Numerai’s new Meta Model Contribution payouts launching soon opens up the value of models which aren’t simply good at mapping from the features to predictions but are also uncorrelated with the meta model. Trying to build two models that are both good but perfectly uncorrelated out of sample is a worthwhile exercise to get good at MMC. Perhaps one of the two or both of the two models you build in this way will have strong MMC.

8 Likes

This isn’t quite what you’re suggesting, but tangentially related. In my attempt at an MMC maximizing model, I have a penalty term in my loss function for correlation with example predictions. I got a reasonably low correlation (0.4243) with example predictions, which could’ve perhaps be pushed lower if it wasn’t for early stopping.

5 Likes

That’s a great idea.

How did you implement the loss function against correlation with example predictions? Would you care to share that code? If you are training to maximize MMC in sample, does it end up staying uncorrelated with example predictions out of sample when cross validated?

3 Likes

Thanks! I wasn’t trying to directly maximise MMC, only to minimize correlation with example predictions and to maximize rank correlation with the labels. My first attempt was to try to use JAX’s version of np.corrcoef, but it isn’t differentiable. As it turned out, the formula for Pearson’s correlation coefficient translates directly into simple differentiable code.

import jax.numpy as jnp

def correlation(x, y, axis=-1):
    mx = jnp.mean(x, axis=axis)
    my = jnp.mean(y, axis=axis)
    xm, ym = x - mx, y - my
    r_num = jnp.mean(xm * ym, axis=axis)
    r_den = jnp.std(xm, axis=axis) * jnp.std(ym, axis=axis)
    return r_num / (r_den + jnp.finfo(float).eps)

This can be directly dropped into the loss function as a weighted term.

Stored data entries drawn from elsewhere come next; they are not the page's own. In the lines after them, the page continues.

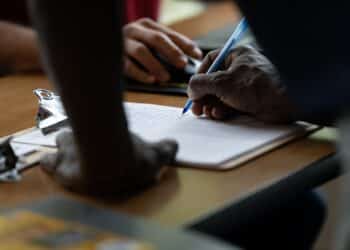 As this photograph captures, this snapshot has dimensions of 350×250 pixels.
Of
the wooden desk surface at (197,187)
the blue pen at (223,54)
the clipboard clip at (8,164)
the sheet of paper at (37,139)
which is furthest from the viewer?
the blue pen at (223,54)

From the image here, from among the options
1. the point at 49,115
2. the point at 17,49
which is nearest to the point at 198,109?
the point at 49,115

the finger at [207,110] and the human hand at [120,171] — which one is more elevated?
the human hand at [120,171]

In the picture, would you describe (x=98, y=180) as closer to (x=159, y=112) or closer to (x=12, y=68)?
(x=159, y=112)

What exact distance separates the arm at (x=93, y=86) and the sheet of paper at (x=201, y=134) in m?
0.10

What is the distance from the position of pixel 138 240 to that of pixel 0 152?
29 centimetres

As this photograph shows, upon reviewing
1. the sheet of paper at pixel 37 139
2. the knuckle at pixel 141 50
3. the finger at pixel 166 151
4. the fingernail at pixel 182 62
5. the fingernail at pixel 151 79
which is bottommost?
the fingernail at pixel 151 79

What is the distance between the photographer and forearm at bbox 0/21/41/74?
1.47 metres

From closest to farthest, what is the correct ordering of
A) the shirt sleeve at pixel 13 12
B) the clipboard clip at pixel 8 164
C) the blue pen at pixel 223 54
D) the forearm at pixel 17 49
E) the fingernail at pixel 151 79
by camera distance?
the clipboard clip at pixel 8 164 → the blue pen at pixel 223 54 → the fingernail at pixel 151 79 → the forearm at pixel 17 49 → the shirt sleeve at pixel 13 12

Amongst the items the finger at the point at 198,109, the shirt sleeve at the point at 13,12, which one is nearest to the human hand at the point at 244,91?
the finger at the point at 198,109

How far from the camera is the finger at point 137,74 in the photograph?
1211 millimetres

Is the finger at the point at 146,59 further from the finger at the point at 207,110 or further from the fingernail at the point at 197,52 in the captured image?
the finger at the point at 207,110

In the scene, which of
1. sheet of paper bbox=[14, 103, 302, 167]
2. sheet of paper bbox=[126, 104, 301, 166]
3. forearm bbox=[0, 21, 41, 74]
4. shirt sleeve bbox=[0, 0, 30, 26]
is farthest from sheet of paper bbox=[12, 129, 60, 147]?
shirt sleeve bbox=[0, 0, 30, 26]

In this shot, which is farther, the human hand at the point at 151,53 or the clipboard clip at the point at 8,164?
the human hand at the point at 151,53

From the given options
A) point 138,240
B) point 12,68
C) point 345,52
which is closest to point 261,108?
point 345,52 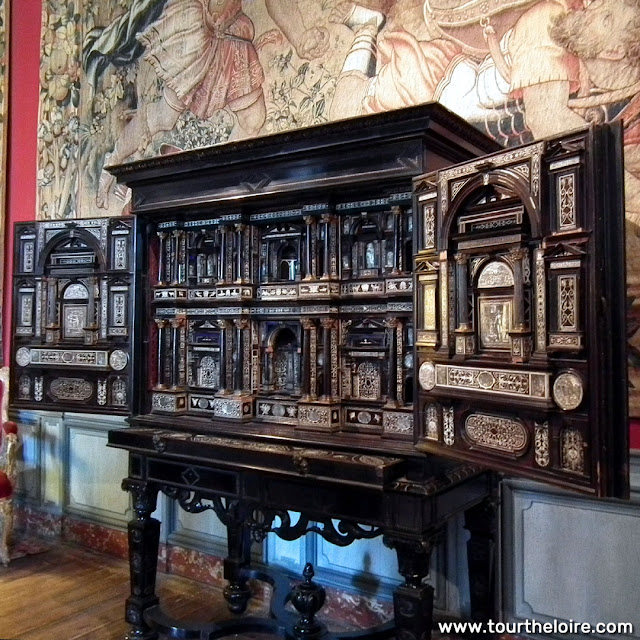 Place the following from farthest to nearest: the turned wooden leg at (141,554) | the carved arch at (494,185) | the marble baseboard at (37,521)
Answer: the marble baseboard at (37,521), the turned wooden leg at (141,554), the carved arch at (494,185)

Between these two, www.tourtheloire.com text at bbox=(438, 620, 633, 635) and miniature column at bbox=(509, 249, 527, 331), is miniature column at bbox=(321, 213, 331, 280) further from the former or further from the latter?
www.tourtheloire.com text at bbox=(438, 620, 633, 635)

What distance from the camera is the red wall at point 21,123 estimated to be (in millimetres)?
5852

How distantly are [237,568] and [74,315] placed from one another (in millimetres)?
2065

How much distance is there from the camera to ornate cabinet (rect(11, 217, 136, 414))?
13.4 feet

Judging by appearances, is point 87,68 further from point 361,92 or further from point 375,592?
point 375,592

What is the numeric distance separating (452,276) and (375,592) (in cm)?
231

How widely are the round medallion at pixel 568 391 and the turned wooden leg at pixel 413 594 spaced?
933mm

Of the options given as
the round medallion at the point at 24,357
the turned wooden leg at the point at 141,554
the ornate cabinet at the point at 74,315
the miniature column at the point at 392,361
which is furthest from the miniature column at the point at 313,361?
the round medallion at the point at 24,357

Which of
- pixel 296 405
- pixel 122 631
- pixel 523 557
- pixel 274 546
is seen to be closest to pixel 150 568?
pixel 122 631

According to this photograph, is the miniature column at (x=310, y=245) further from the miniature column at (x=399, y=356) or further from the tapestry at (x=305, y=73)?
the tapestry at (x=305, y=73)

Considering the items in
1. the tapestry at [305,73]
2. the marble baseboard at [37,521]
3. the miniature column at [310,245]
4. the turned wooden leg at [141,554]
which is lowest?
the marble baseboard at [37,521]

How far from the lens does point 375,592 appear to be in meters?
4.02

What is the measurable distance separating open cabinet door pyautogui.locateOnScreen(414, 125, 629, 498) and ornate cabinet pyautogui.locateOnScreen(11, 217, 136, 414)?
6.84ft

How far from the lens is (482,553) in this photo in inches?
136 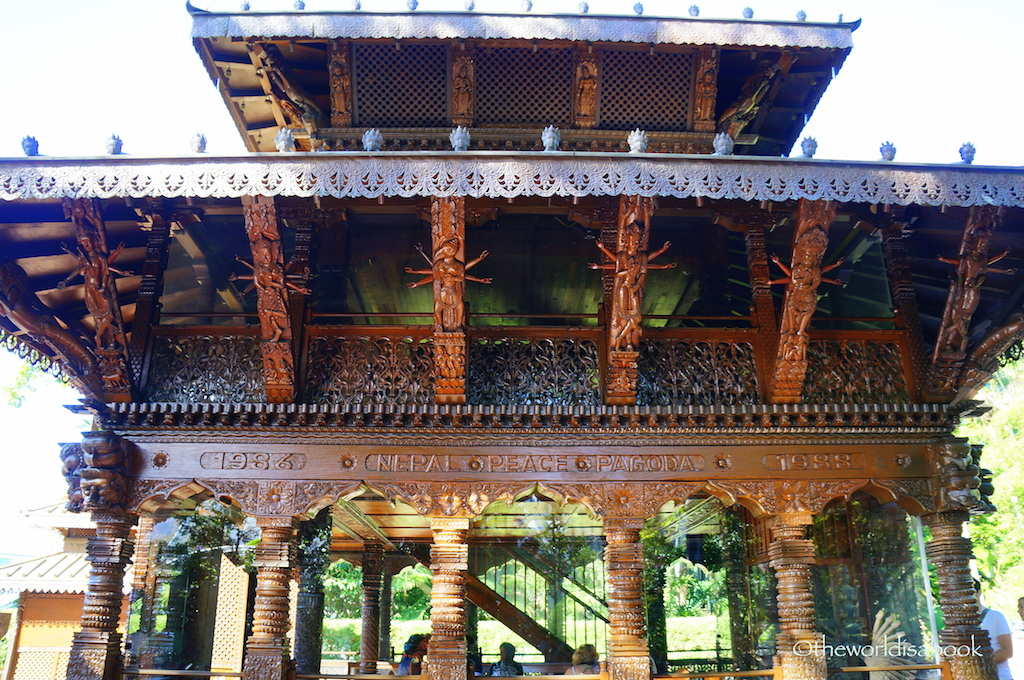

Maximizing rank correlation builds on this, but needs a differentiable ranking function (which is a big ball of hair). The final loss function is a weighted sum of a regression loss (MSE), ranking loss and the aforementioned penalty for correlation with example predictions.

I’ve also tried minimizing feature correlations directly with this, but it’s excruciatingly slow and it’s easier and far more efficient to enforce feature sparsity with L1 regularization.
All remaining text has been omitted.